But, truly, what is the solution?

I mean, you can use static analysis or similar, but you generally can't check every line of code for every open source lib you pull in, let alone its dependencies.

Seems that, once you decide to use open source, you are actually making a choice to trust to some extent.

unnah|1 year ago

Commercial Linux distributions like Red Hat, Suse and Canonical stake their reputation on compiling a trustworthy collection of open source software, in exchange for money. Unfortunately they disclaim any legal responsibility, but at least they make reasonable efforts to analyze the security of the software they are distributing, in order to avoid PR disasters.

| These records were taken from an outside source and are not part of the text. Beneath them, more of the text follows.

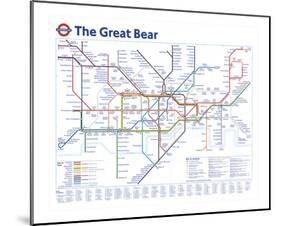 The Great Bear-Simon Patterson-Mounted Giclee Print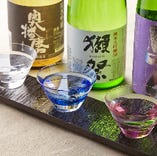 今月の日本酒　3種飲み比べ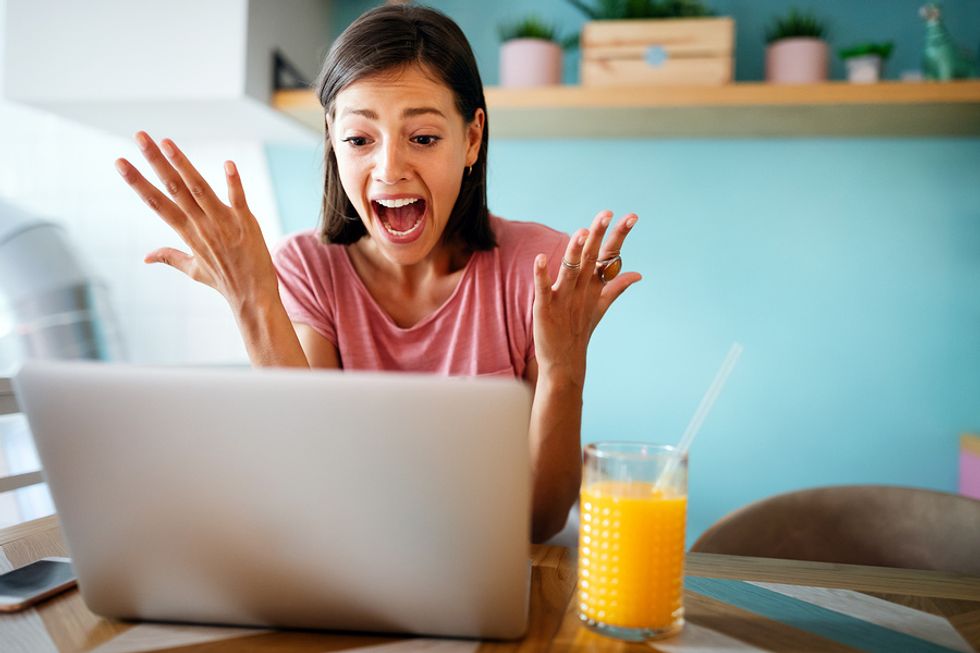 Woman experiences a phishing attack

For some reason the same business model has not made many inroads for higher-level language ecosystems, although many companies are trying - for example the Python Conda distribution.

Intralexical|1 year ago

Of the 351 malicious repositories in the spreadsheet somebody linked, only 4 have more than 10 stars. None of them have more than 30 stars, and none of them have more than 3 forks. None have more than 5 issues, and only 4 have more than one issue.

You don't have to assume that the code is community-vetted. If a repository has at least a couple hundred stars, lots of forks, and an active pull request cadence, then you know that at least some people have gone digging through it.

If not, then that's when you should break out the sandboxing tools and prepare to check the code yourself. At least it should be easy-ish to automatically check/block everything that has the potential to open a network connection, which defeats most profitable malware models.

consumer451|1 year ago

> But, truly, what is the solution?

Let's use GitHub as an example. We have forks, and stars. Maybe we could also have some kind of build endorsement?

How one would verify that the endorser is worth your trust, I am not entirely sure.

Maybe endorsers could eventually be rated by CVEs found in their endorsements, and that would build trust?

codedokode|1 year ago

You can get rid of legacy OS like Windows or Linux that cannot run applications in the sandbox and switch to those which can. In this case the malware only gets a sandbox and not the whole system.

If you work for a commercial company then you should not download the code from random users on Github for free but from commercial, safe repositories where the code is inspected, tested and verified. Or from reputable large commercial companies that are unlikely to put backdoors. Microsoft or Apple won't risk their reputation by backdooring an open-source library.